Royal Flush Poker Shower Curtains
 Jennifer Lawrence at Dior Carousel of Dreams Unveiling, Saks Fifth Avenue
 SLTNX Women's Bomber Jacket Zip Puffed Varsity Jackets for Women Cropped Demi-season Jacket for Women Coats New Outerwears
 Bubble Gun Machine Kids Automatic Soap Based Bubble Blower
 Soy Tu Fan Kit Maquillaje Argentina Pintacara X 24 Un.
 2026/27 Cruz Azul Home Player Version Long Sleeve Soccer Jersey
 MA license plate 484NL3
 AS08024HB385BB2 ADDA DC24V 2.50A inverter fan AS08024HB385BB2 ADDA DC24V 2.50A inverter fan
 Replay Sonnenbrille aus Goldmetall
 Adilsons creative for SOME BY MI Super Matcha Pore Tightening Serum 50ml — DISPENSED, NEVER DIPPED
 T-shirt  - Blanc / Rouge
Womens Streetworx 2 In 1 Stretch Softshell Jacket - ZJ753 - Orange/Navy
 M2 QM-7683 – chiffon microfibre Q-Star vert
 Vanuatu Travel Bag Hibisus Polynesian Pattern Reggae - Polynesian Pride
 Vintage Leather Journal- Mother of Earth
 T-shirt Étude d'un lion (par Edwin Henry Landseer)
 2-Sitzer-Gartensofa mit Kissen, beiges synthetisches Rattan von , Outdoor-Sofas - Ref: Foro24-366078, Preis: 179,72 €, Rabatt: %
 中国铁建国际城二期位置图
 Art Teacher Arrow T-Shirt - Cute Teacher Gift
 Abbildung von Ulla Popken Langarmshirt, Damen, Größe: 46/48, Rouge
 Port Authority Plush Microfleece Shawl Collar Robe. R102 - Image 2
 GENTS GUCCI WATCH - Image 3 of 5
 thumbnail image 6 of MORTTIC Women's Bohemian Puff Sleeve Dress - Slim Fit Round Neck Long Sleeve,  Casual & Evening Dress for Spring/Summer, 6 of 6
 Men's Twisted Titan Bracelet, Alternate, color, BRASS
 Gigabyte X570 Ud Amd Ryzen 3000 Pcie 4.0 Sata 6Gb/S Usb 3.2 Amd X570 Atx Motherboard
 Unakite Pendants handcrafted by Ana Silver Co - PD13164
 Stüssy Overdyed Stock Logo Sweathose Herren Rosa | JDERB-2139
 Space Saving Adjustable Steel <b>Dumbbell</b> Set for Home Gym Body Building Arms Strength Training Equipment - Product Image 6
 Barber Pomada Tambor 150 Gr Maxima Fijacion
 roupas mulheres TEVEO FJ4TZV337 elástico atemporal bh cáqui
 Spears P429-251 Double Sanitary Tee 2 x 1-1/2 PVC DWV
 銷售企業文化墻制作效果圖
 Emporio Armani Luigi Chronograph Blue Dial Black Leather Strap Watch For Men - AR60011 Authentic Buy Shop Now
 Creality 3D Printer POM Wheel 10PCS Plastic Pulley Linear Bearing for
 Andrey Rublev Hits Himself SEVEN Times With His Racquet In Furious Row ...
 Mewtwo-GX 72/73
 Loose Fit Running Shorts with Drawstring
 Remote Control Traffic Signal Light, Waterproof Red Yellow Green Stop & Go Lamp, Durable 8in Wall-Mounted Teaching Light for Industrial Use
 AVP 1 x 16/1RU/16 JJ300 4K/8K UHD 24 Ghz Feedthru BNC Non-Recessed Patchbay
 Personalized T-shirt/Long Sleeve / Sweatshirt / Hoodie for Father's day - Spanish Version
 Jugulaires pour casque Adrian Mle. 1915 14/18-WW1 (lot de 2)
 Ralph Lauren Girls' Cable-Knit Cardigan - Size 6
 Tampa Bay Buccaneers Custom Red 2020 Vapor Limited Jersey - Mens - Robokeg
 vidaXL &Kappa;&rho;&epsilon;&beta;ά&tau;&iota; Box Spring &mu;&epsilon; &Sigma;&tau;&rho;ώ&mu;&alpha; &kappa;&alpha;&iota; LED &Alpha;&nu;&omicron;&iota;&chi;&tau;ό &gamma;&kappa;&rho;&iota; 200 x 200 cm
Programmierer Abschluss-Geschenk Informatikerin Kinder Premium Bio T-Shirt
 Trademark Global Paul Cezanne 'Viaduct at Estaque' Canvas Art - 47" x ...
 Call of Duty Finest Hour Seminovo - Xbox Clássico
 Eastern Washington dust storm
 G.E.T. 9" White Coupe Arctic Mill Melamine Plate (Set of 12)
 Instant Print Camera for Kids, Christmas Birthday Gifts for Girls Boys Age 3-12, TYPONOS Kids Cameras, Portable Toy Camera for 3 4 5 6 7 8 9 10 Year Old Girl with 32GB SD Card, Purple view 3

************

- WHAT TO WORK ON: All of the data above needs to be retyped exactly, with each line as it stands.

- YOUR RESPONSE:
Royal Flush Poker Shower Curtains
 Jennifer Lawrence at Dior Carousel of Dreams Unveiling, Saks Fifth Avenue
 SLTNX Women's Bomber Jacket Zip Puffed Varsity Jackets for Women Cropped Demi-season Jacket for Women Coats New Outerwears
 Bubble Gun Machine Kids Automatic Soap Based Bubble Blower
 Soy Tu Fan Kit Maquillaje Argentina Pintacara X 24 Un.
 2026/27 Cruz Azul Home Player Version Long Sleeve Soccer Jersey
 MA license plate 484NL3
 AS08024HB385BB2 ADDA DC24V 2.50A inverter fan AS08024HB385BB2 ADDA DC24V 2.50A inverter fan
 Replay Sonnenbrille aus Goldmetall
 Adilsons creative for SOME BY MI Super Matcha Pore Tightening Serum 50ml — DISPENSED, NEVER DIPPED
 T-shirt  - Blanc / Rouge
Womens Streetworx 2 In 1 Stretch Softshell Jacket - ZJ753 - Orange/Navy
 M2 QM-7683 – chiffon microfibre Q-Star vert
 Vanuatu Travel Bag Hibisus Polynesian Pattern Reggae - Polynesian Pride
 Vintage Leather Journal- Mother of Earth
 T-shirt Étude d'un lion (par Edwin Henry Landseer)
 2-Sitzer-Gartensofa mit Kissen, beiges synthetisches Rattan von , Outdoor-Sofas - Ref: Foro24-366078, Preis: 179,72 €, Rabatt: %
 中国铁建国际城二期位置图
 Art Teacher Arrow T-Shirt - Cute Teacher Gift
 Abbildung von Ulla Popken Langarmshirt, Damen, Größe: 46/48, Rouge
 Port Authority Plush Microfleece Shawl Collar Robe. R102 - Image 2
 GENTS GUCCI WATCH - Image 3 of 5
 thumbnail image 6 of MORTTIC Women's Bohemian Puff Sleeve Dress - Slim Fit Round Neck Long Sleeve,  Casual & Evening Dress for Spring/Summer, 6 of 6
 Men's Twisted Titan Bracelet, Alternate, color, BRASS
 Gigabyte X570 Ud Amd Ryzen 3000 Pcie 4.0 Sata 6Gb/S Usb 3.2 Amd X570 Atx Motherboard
 Unakite Pendants handcrafted by Ana Silver Co - PD13164
 Stüssy Overdyed Stock Logo Sweathose Herren Rosa | JDERB-2139
 Space Saving Adjustable Steel <b>Dumbbell</b> Set for Home Gym Body Building Arms Strength Training Equipment - Product Image 6
 Barber Pomada Tambor 150 Gr Maxima Fijacion
 roupas mulheres TEVEO FJ4TZV337 elástico atemporal bh cáqui
 Spears P429-251 Double Sanitary Tee 2 x 1-1/2 PVC DWV
 銷售企業文化墻制作效果圖
 Emporio Armani Luigi Chronograph Blue Dial Black Leather Strap Watch For Men - AR60011 Authentic Buy Shop Now
 Creality 3D Printer POM Wheel 10PCS Plastic Pulley Linear Bearing for
 Andrey Rublev Hits Himself SEVEN Times With His Racquet In Furious Row ...
 Mewtwo-GX 72/73
 Loose Fit Running Shorts with Drawstring
 Remote Control Traffic Signal Light, Waterproof Red Yellow Green Stop & Go Lamp, Durable 8in Wall-Mounted Teaching Light for Industrial Use
 AVP 1 x 16/1RU/16 JJ300 4K/8K UHD 24 Ghz Feedthru BNC Non-Recessed Patchbay
 Personalized T-shirt/Long Sleeve / Sweatshirt / Hoodie for Father's day - Spanish Version
 Jugulaires pour casque Adrian Mle. 1915 14/18-WW1 (lot de 2)
 Ralph Lauren Girls' Cable-Knit Cardigan - Size 6
 Tampa Bay Buccaneers Custom Red 2020 Vapor Limited Jersey - Mens - Robokeg
 vidaXL &Kappa;&rho;&epsilon;&beta;ά&tau;&iota; Box Spring &mu;&epsilon; &Sigma;&tau;&rho;ώ&mu;&alpha; &kappa;&alpha;&iota; LED &Alpha;&nu;&omicron;&iota;&chi;&tau;ό &gamma;&kappa;&rho;&iota; 200 x 200 cm
Programmierer Abschluss-Geschenk Informatikerin Kinder Premium Bio T-Shirt
 Trademark Global Paul Cezanne 'Viaduct at Estaque' Canvas Art - 47" x ...
 Call of Duty Finest Hour Seminovo - Xbox Clássico
 Eastern Washington dust storm
 G.E.T. 9" White Coupe Arctic Mill Melamine Plate (Set of 12)
 Instant Print Camera for Kids, Christmas Birthday Gifts for Girls Boys Age 3-12, TYPONOS Kids Cameras, Portable Toy Camera for 3 4 5 6 7 8 9 10 Year Old Girl with 32GB SD Card, Purple view 3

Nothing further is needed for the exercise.